LISTED ENTRIES:
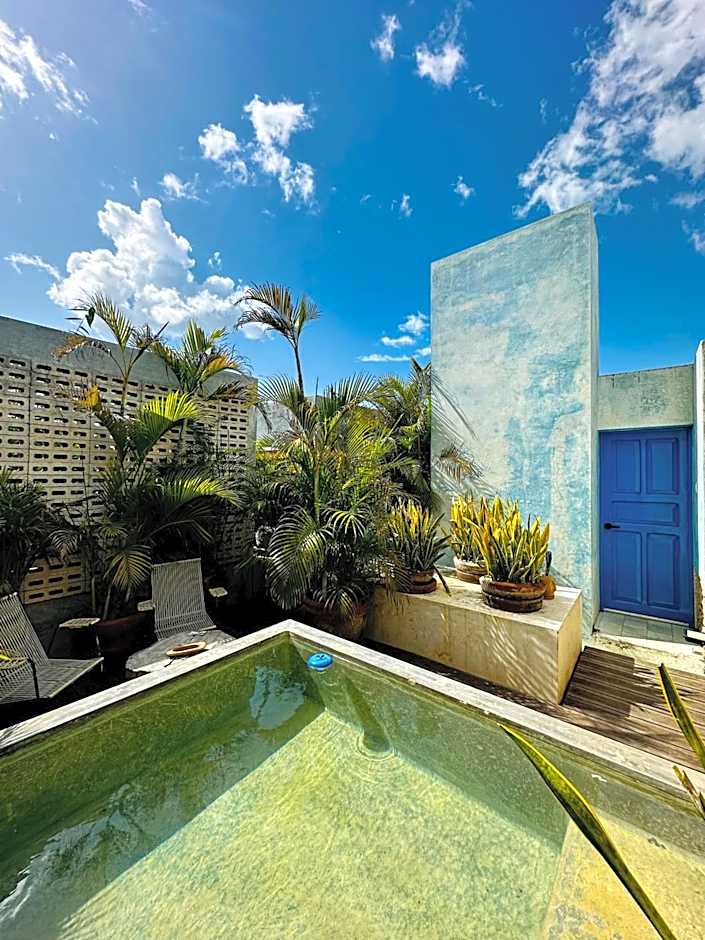 CASA CHAKÁ BOUTIQUE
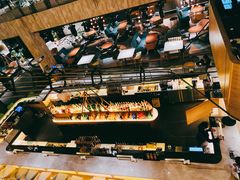 -The ROOF (通盈中心店)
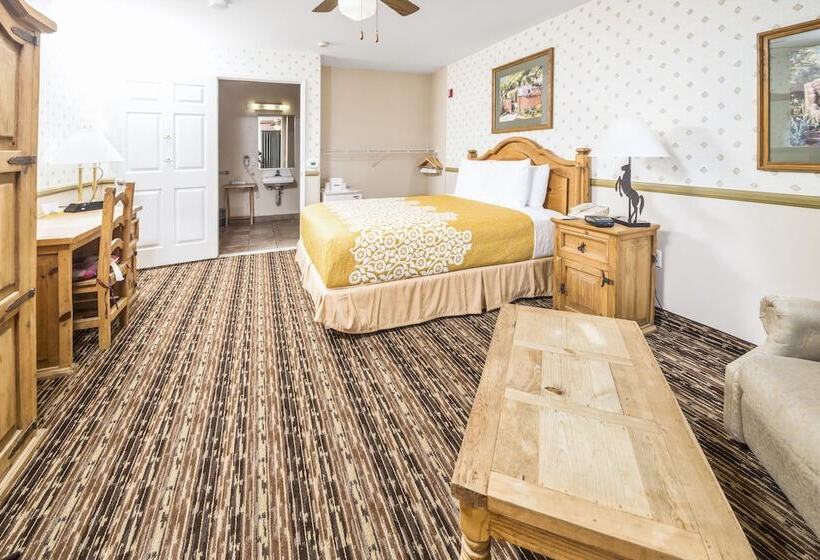 בית מלון כפרי Days Inn By Wyndham Lebec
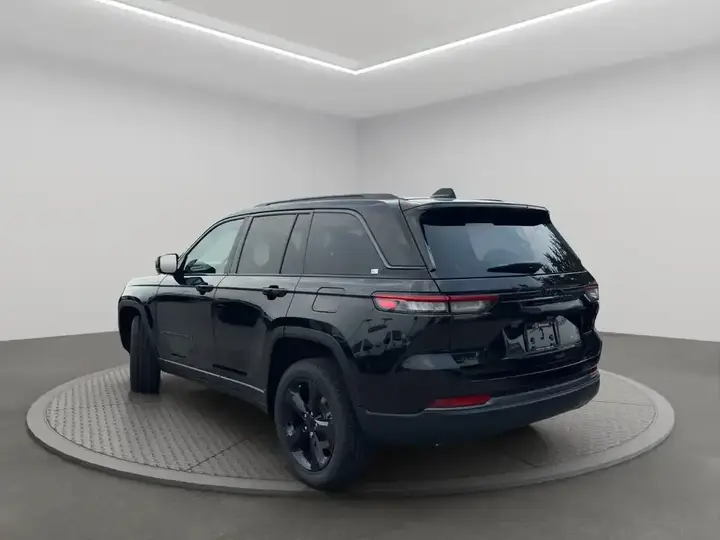Jeep Grand Cherokee 2026 photo 4
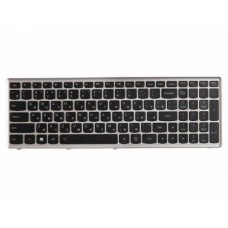 25205680 Клавиатура для ноутбука Lenovo IdeaPad U510, Z710, серебристая рамка, черные кнопки, с подсветкой, гор. Enter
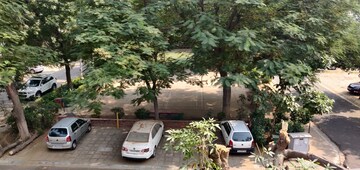 Parking in 3 BHK Apartment at Unitech Residency Greens, Sector 46 – for Rent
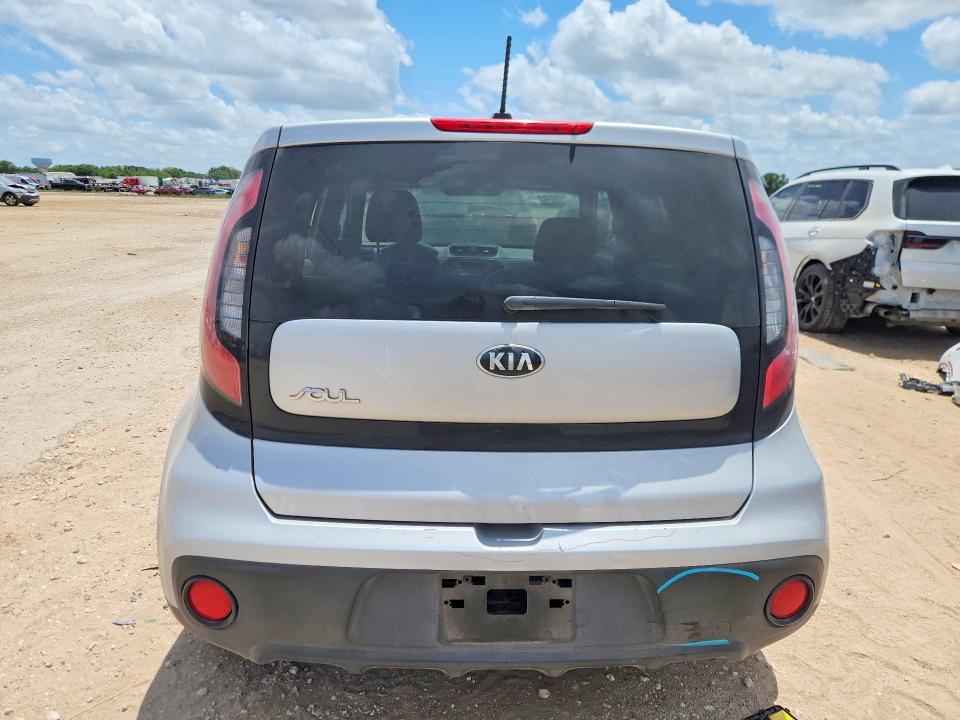 Photo 6 from auction – 2017 KIA SOUL with VIN KNDJN2A26H7497382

YOUR GOAL:
All of the material above is to be retyped verbatim, with its pictures omitted.

RESULT:
 CASA CHAKÁ BOUTIQUE
 -The ROOF (通盈中心店)
 בית מלון כפרי Days Inn By Wyndham Lebec
Jeep Grand Cherokee 2026 photo 4
 25205680 Клавиатура для ноутбука Lenovo IdeaPad U510, Z710, серебристая рамка, черные кнопки, с подсветкой, гор. Enter
 Parking in 3 BHK Apartment at Unitech Residency Greens, Sector 46 – for Rent
 Photo 6 from auction – 2017 KIA SOUL with VIN KNDJN2A26H7497382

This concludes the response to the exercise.